» **EXERCISE REQUIREMENTS**
From the line containing "50 Pack 6 Inch" to the last line of the data, both included, transcribe each line exactly, leaving out pictures and adding nothing.

» **DATASET EXTRACT**
=== Begin Enclosure ===

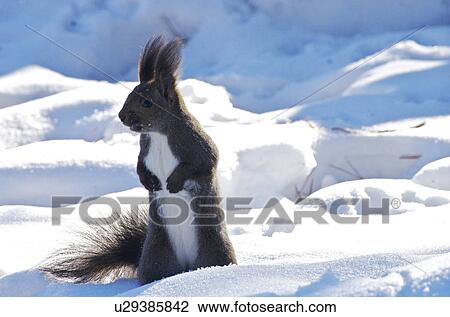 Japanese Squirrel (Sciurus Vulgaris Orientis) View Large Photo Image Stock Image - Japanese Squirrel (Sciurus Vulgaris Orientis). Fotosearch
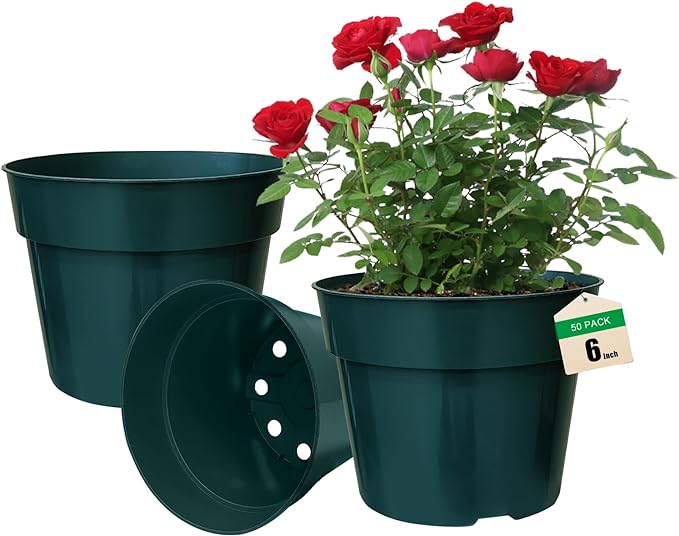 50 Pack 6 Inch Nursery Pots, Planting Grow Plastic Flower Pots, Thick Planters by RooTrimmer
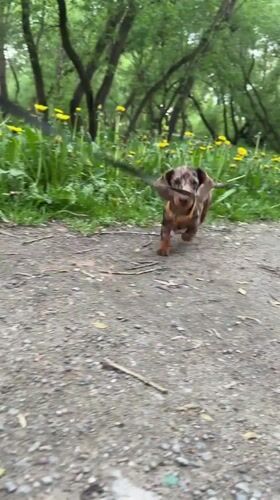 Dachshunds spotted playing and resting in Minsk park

=== End Enclosure ===

» **TASK OUTPUT**
 50 Pack 6 Inch Nursery Pots, Planting Grow Plastic Flower Pots, Thick Planters by RooTrimmer
 Dachshunds spotted playing and resting in Minsk park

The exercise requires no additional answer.